Dwarf Mallow - Malva neglecta Dwarf Mallow - Malva neglecta
Foto: botanika.wendys.cz

Herb: Dwarf Mallow


Latin name: Malva neglecta


Family: Malvaceae (Mallow Family)



Medicinal use of Dwarf Mallow:

All parts of the plant are antiphlogistic, astringent, demulcent, diuretic, emollient, expectorant, laxative, salve. The leaves and flowers can be eaten as part of the diet, or a tea can be made from the leaves, flowers or roots. The leaves and flowers are the main part used, their demulcent properties making them valuable as a poultice for bruise, inflammations, insect bites etc, or taken internally in the treatment of respiratory system diseases or inflammation of the digestive or urinary systems. They have similar properties, but are considered to be inferior to the marsh mallow (Althaea officinalis), though they are stronger acting than the common mallow (M. sylvestris). They are seldom used internally. The plant is an excellent laxative for young children.

Description of the plant:



Plant:
Annual


Height:
60 cm
(2 feet)

Flovering:
June to
September

Habitat of the herb:

Waste and cultivated ground, usually on dry soils, frequently in coastal habitats, on dry walls or as a weed of cultivated ground.

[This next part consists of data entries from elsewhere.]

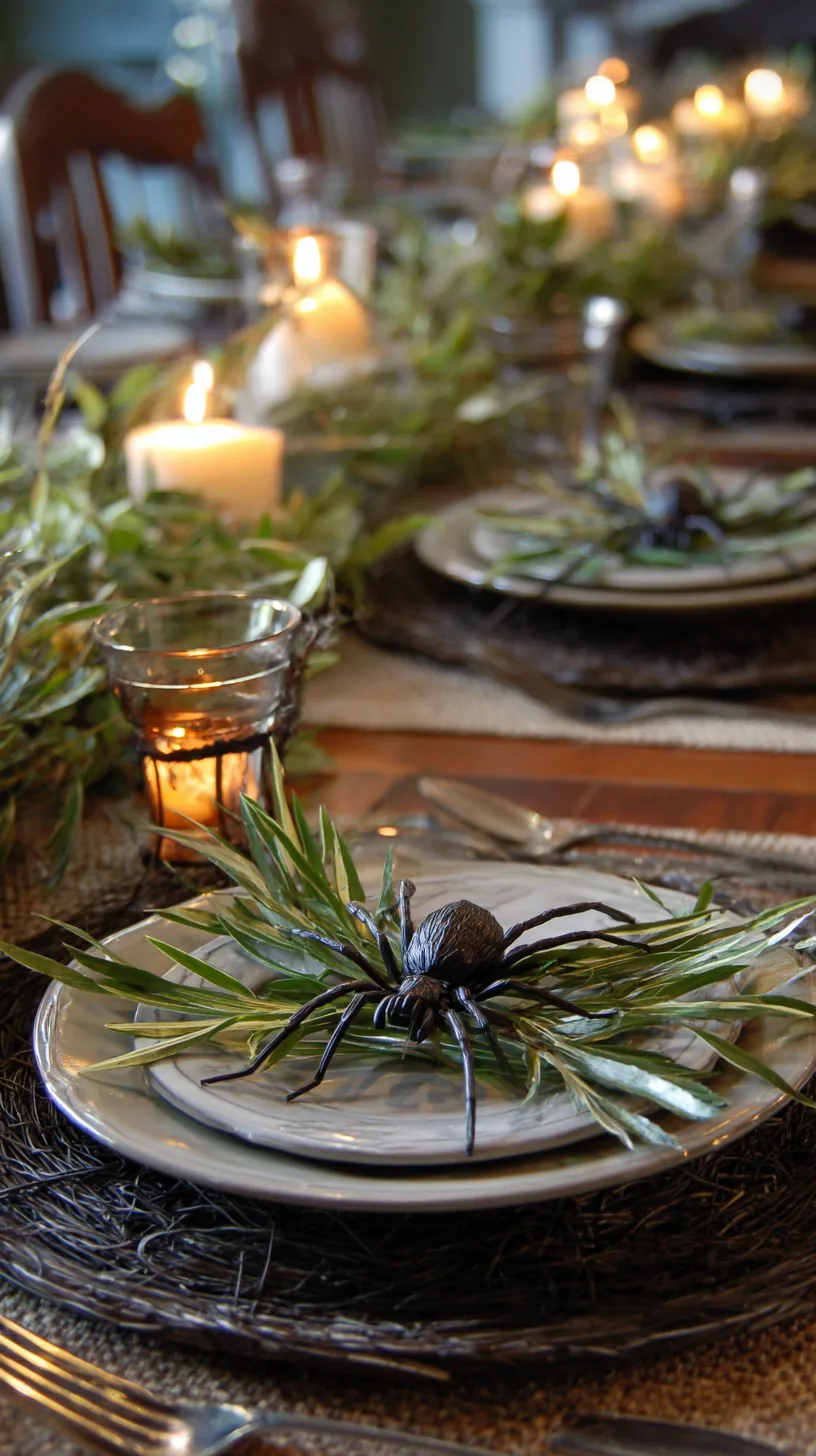 faux spiders tucked into greenery within a Halloween table centerpiece, photo 4 of 4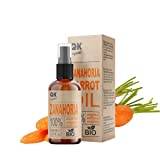 CARROT OIL 100 ml - 100% Pure and Natural - Natural solar tanner - Moisturizes and Rejuvenates the skin - Repairs hair - Glass bottle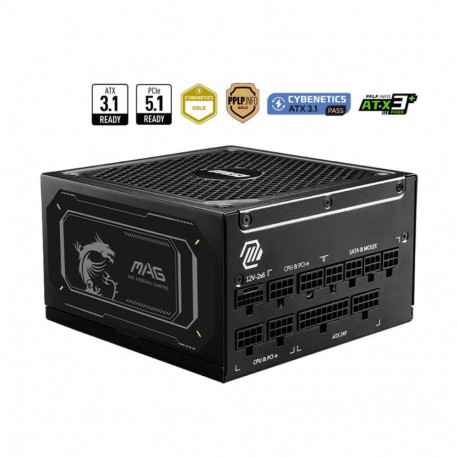 MSI Power Supply||MAG A1000GL PCIE5 II|ATX 3.1|1000 Watts|Efficiency 80 PLUS GOLD|PFC Active|MAGA100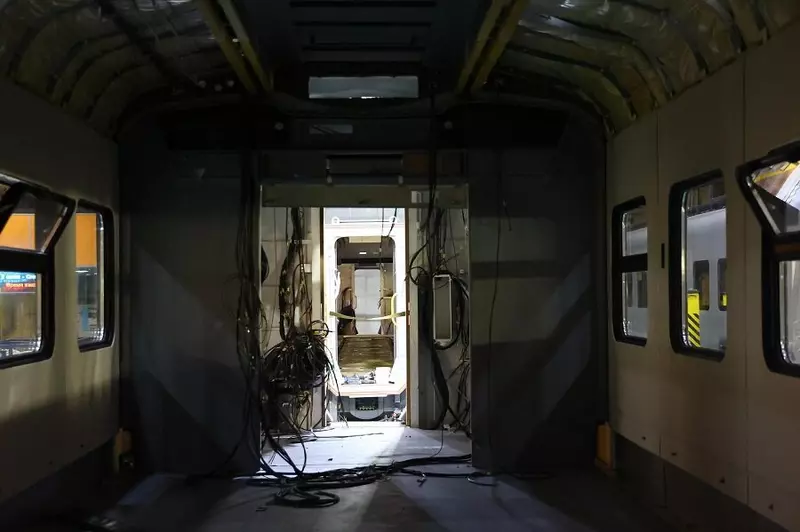 Видны межвагонные переходы (обычные гармошки)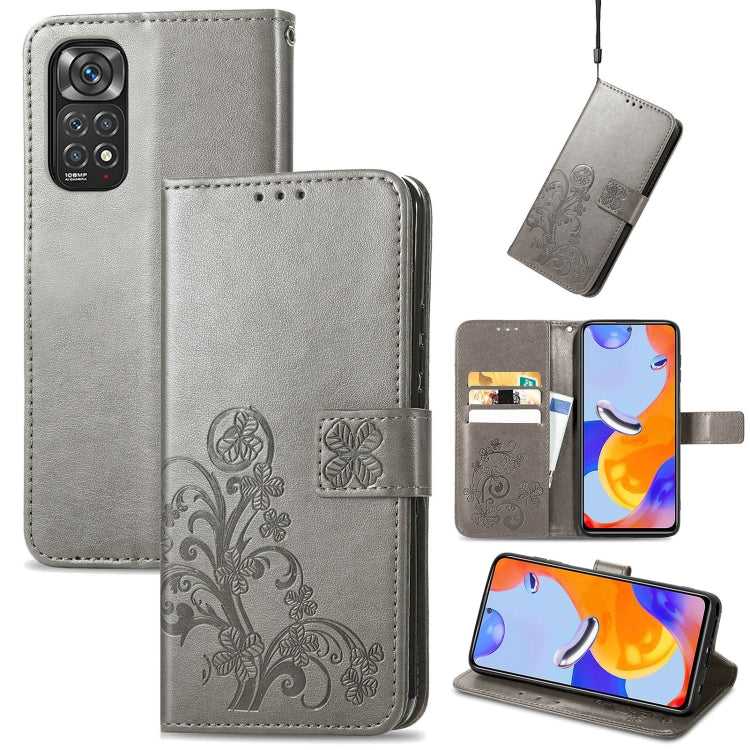 Four-leaf Clasp Embossed Buckle Leather Phone Case, For Xiaomi Redmi K50 Pro, For Xiaomi Redmi 10C, For Xiaomi Redmi Note 11 Pro 4G Global, For Xiaomi Poco X4 Pro 5G, For Xiaomi Poco M4 Pro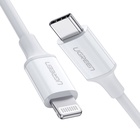 Дата кабель USB-C to Lightning 2.0m US1713A Nickel Plating ABS Shell White Ugreen (60749) U0764000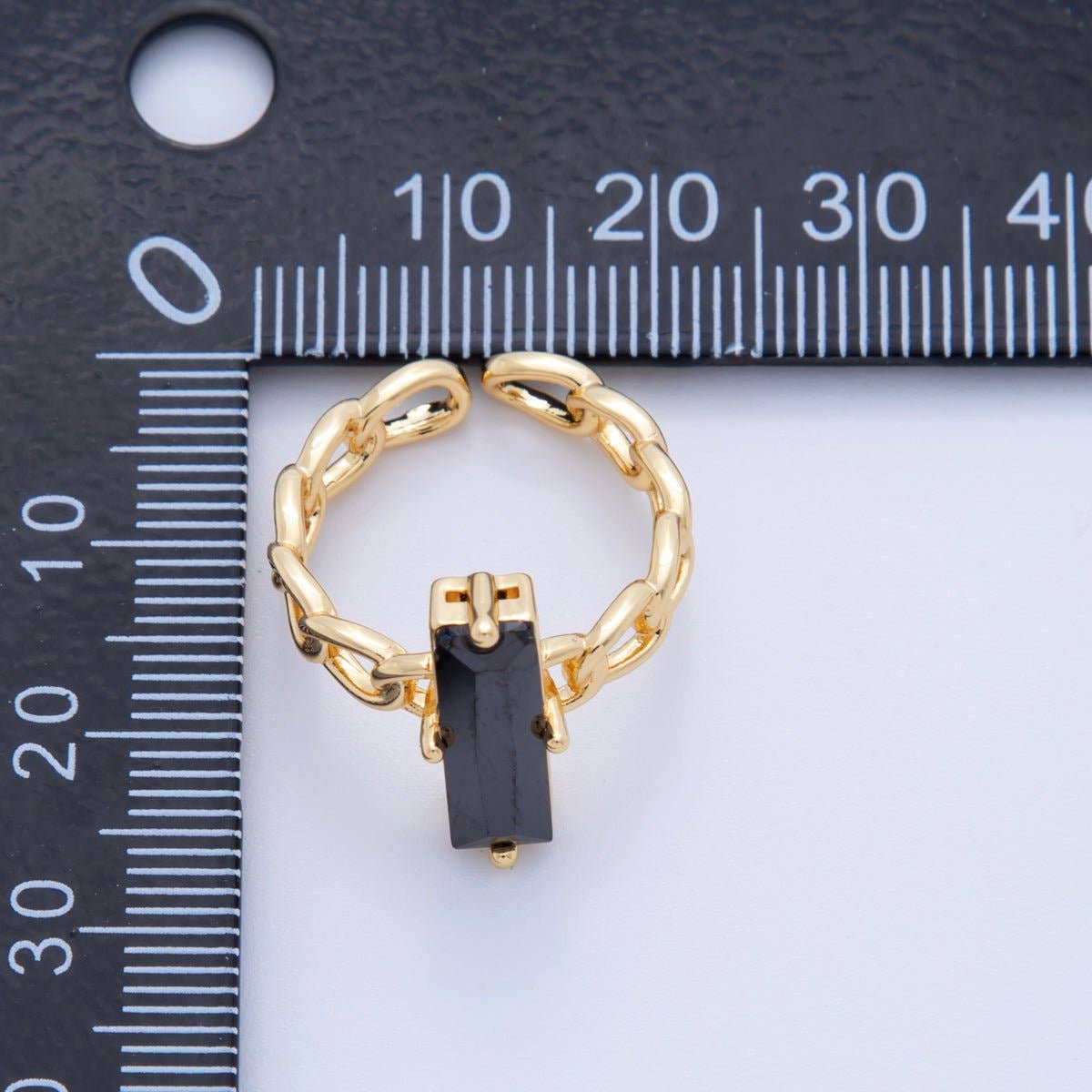 18K Filled Black CZ Solitaire Ring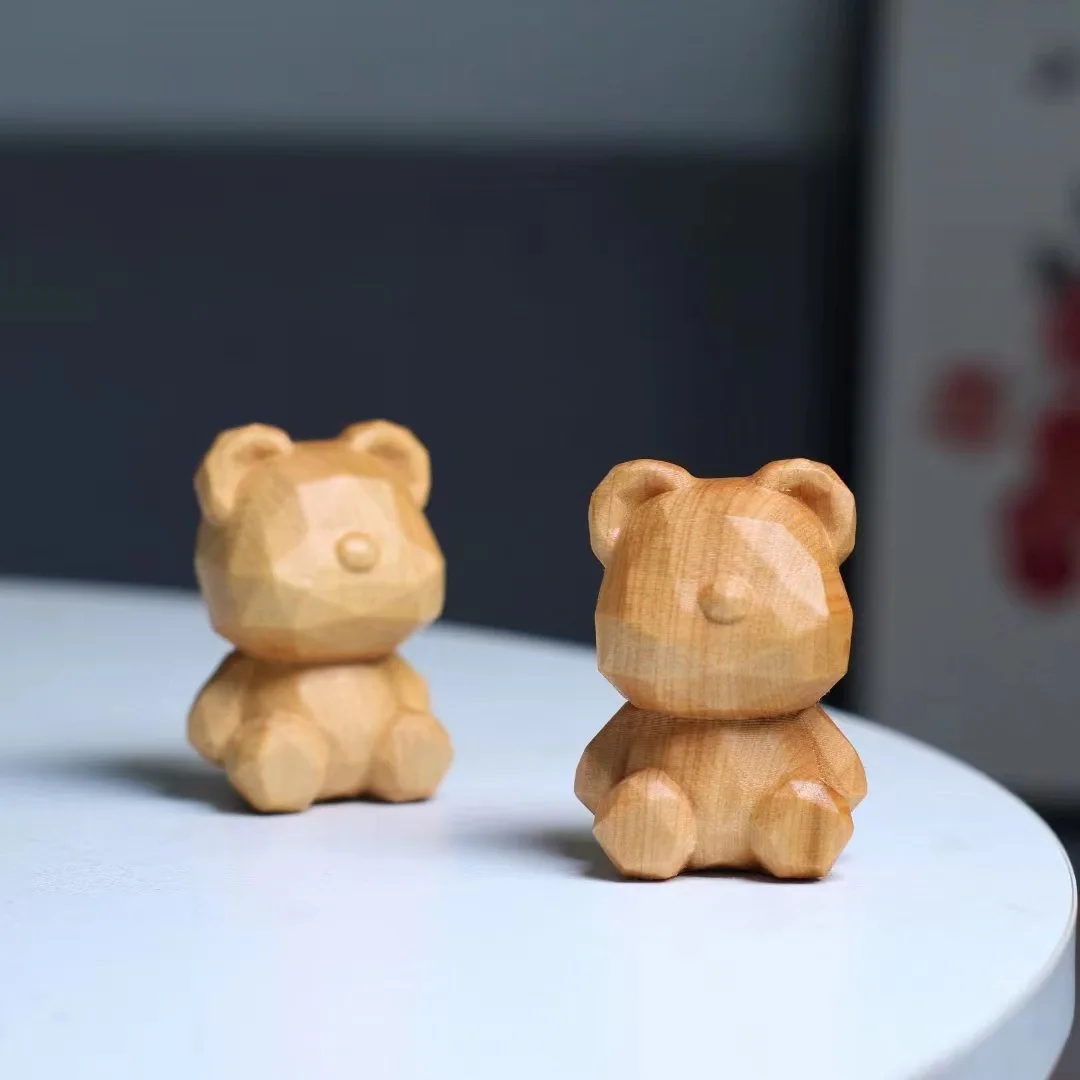 

Wooden Hand Carved Bear bear Figurines 1.96" Mini Cute Cartoon Bear Animal Crafts Home Desktop Ornament,Birthday/Kids Event Gift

Edible parts of Dwarf Mallow:

Leaves and young shoots - raw or cooked. A mild pleasant flavour, they are said to be highly nutritious. They can be added in quantity to salads, and make an excellent lettuce substitute, they can also be cooked as greens. The leaves are mucilaginous, when cooked in soups etc they tend to thicken it in much the same way as okra (Abelmoschatus esculenta). Some people find this mucilaginous texture unpleasant, especially if the leaves are cooked. Immature seeds - raw or cooked. A pleasant nutty flavour, they are nice as a nibble but too small for most people to want to collect in quantity. A decoction of the roots is used as an egg-white substitute for making meringue. The roots are brought to the boil in water and then simmered until the water becomes quite thick. This liquid can then be whisked in much the same way as egg whites. A tea can be made from the dried leaves.

Other uses of the herb:

Cream, yellow and green dyes can be obtained from the plant and the seed heads. The root is used as a toothbrush.

Propagation of Dwarf Mallow:

Seed - sow early spring or autumn in situ. Germination should take place within 2 weeks. The seed germinates in the autumn in the wild.

Cultivation of the herb:

Waste and cultivated ground, usually on dry soils, frequently in coastal habitats, on dry walls or as a weed of cultivated ground.

Known hazards of Malva neglecta:

When grown on nitrogen rich soils (and particularly when these are inorganic), the plant tends to concentrate high levels of nitrates in its leaves. The leaves are perfectly wholesome at all other times.

Plant information taken from the Plants For A Future.